Work required => Set down, word for word, every line of the material below from the one containing "2024 Topps Diamond Icons Baseball Hobby Box" through the one containing "Auveco 19057 Panel", but none of its pictures.

Extracted information =>
- - - - -
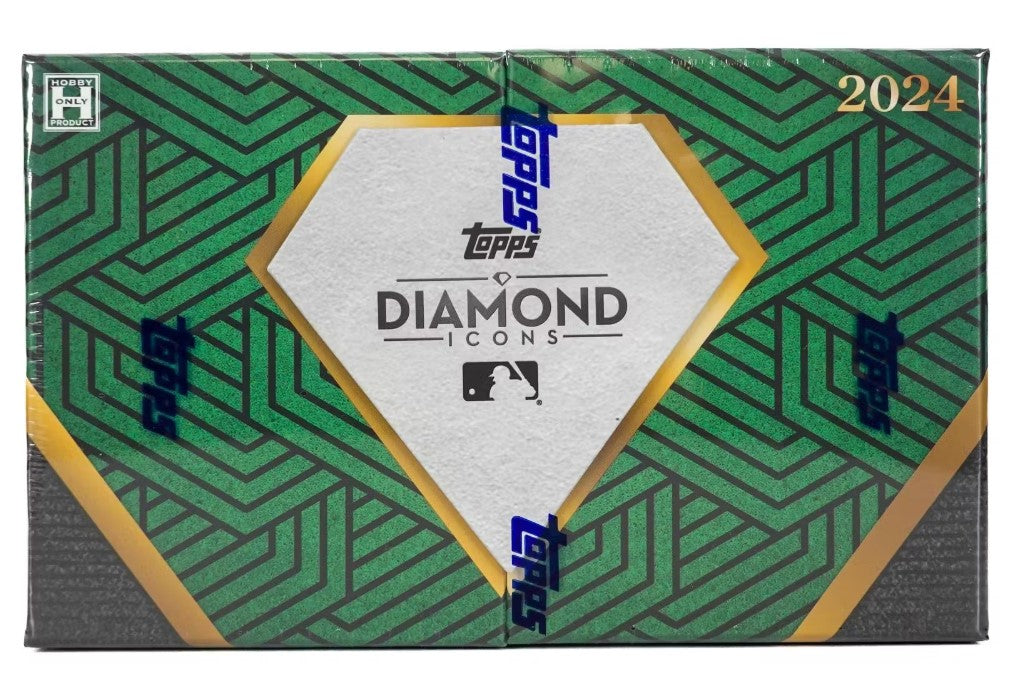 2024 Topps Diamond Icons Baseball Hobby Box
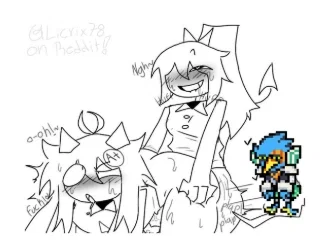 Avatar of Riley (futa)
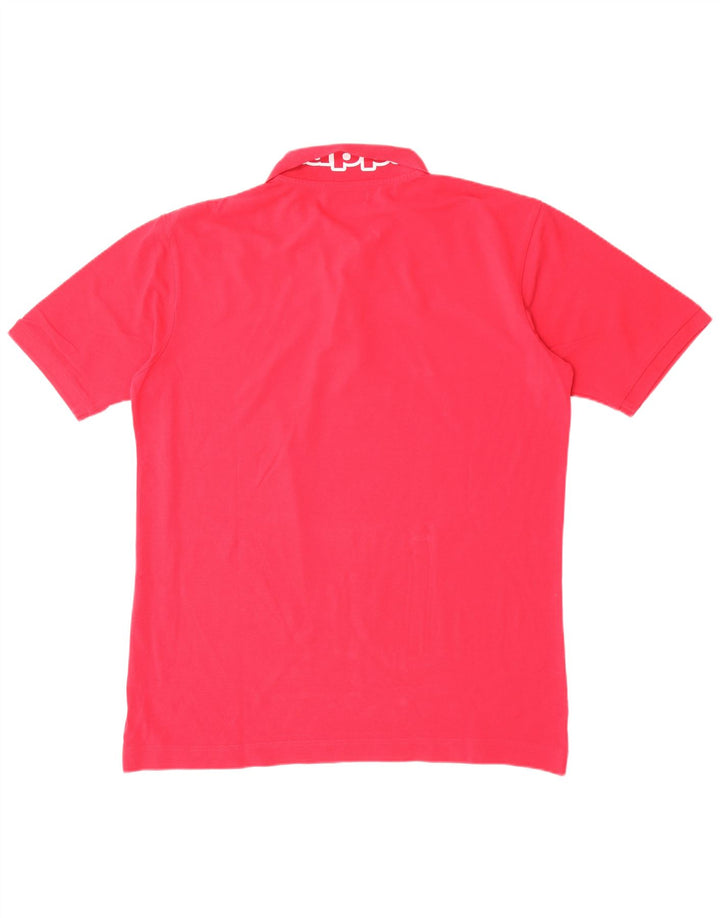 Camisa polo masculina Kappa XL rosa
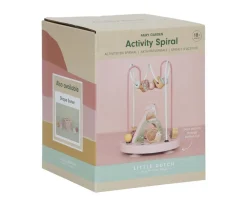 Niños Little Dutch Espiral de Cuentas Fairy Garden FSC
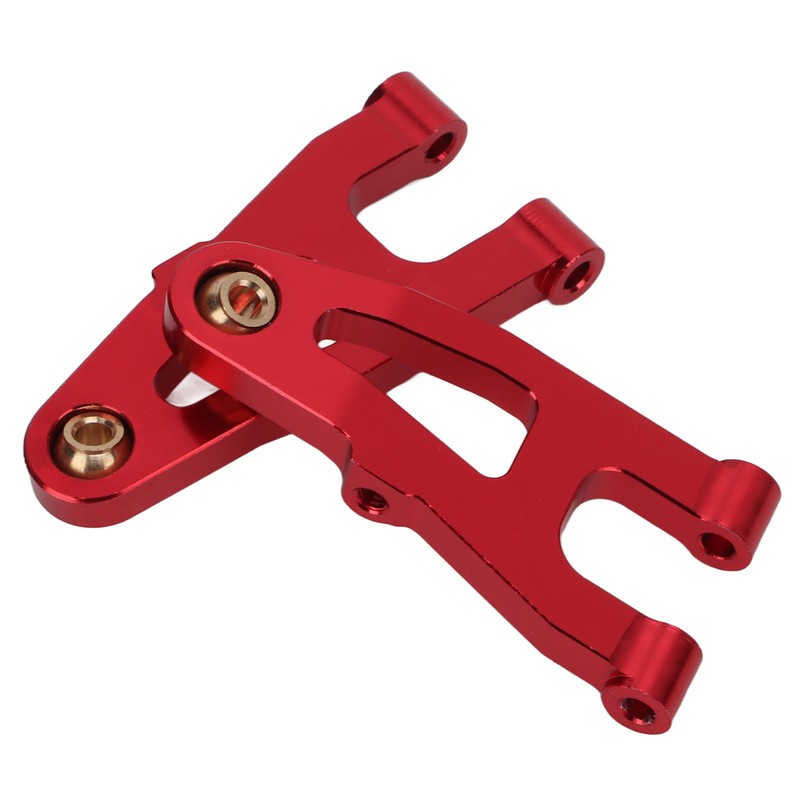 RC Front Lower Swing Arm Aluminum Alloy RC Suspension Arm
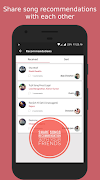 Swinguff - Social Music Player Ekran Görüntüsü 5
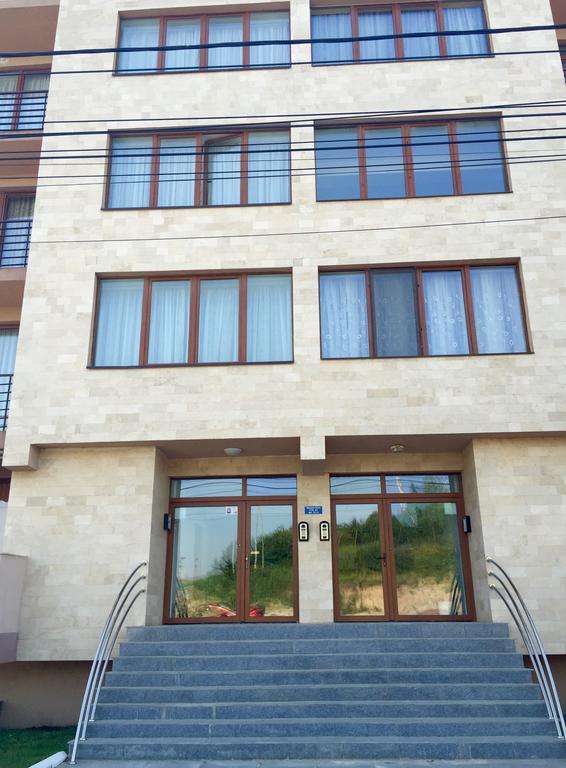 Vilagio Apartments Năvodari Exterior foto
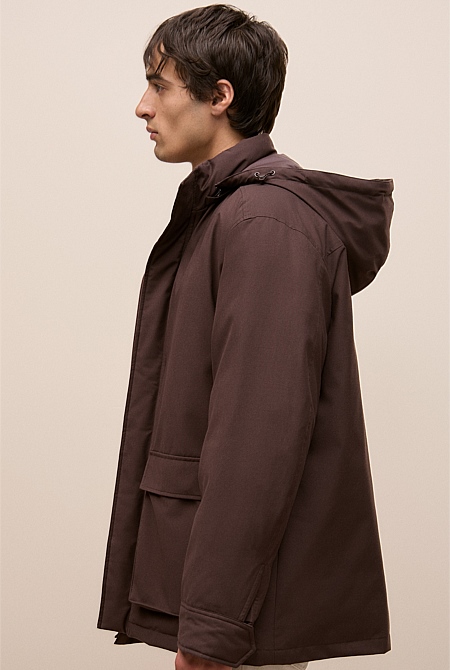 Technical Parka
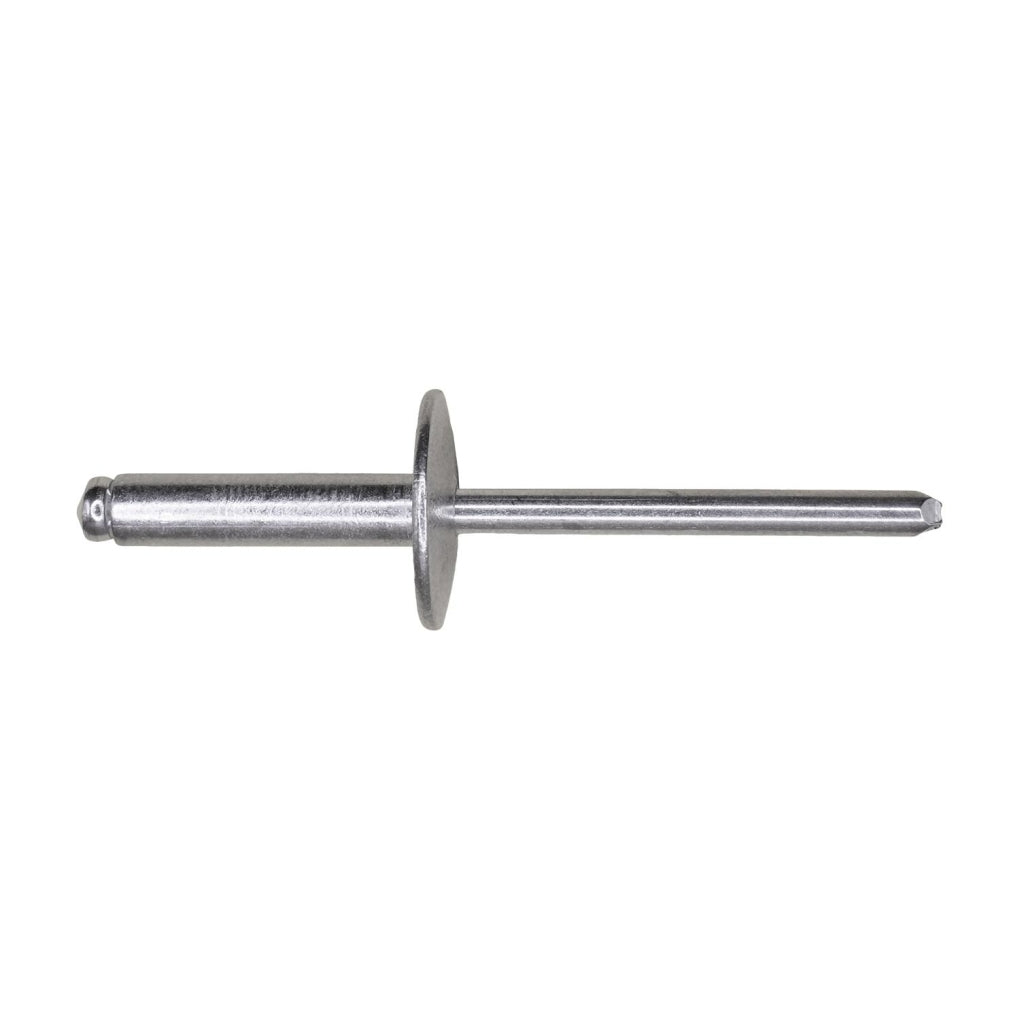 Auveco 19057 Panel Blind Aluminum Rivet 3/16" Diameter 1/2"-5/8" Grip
- - - - -
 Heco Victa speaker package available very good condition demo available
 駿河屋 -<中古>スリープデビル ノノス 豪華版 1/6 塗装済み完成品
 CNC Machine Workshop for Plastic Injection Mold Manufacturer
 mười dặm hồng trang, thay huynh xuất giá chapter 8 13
- - - - -
Output for this task =>
 2024 Topps Diamond Icons Baseball Hobby Box
 Avatar of Riley (futa)
 Camisa polo masculina Kappa XL rosa
 Niños Little Dutch Espiral de Cuentas Fairy Garden FSC
 RC Front Lower Swing Arm Aluminum Alloy RC Suspension Arm
 Swinguff - Social Music Player Ekran Görüntüsü 5
 Vilagio Apartments Năvodari Exterior foto
 Technical Parka
 Auveco 19057 Panel Blind Aluminum Rivet 3/16" Diameter 1/2"-5/8" Grip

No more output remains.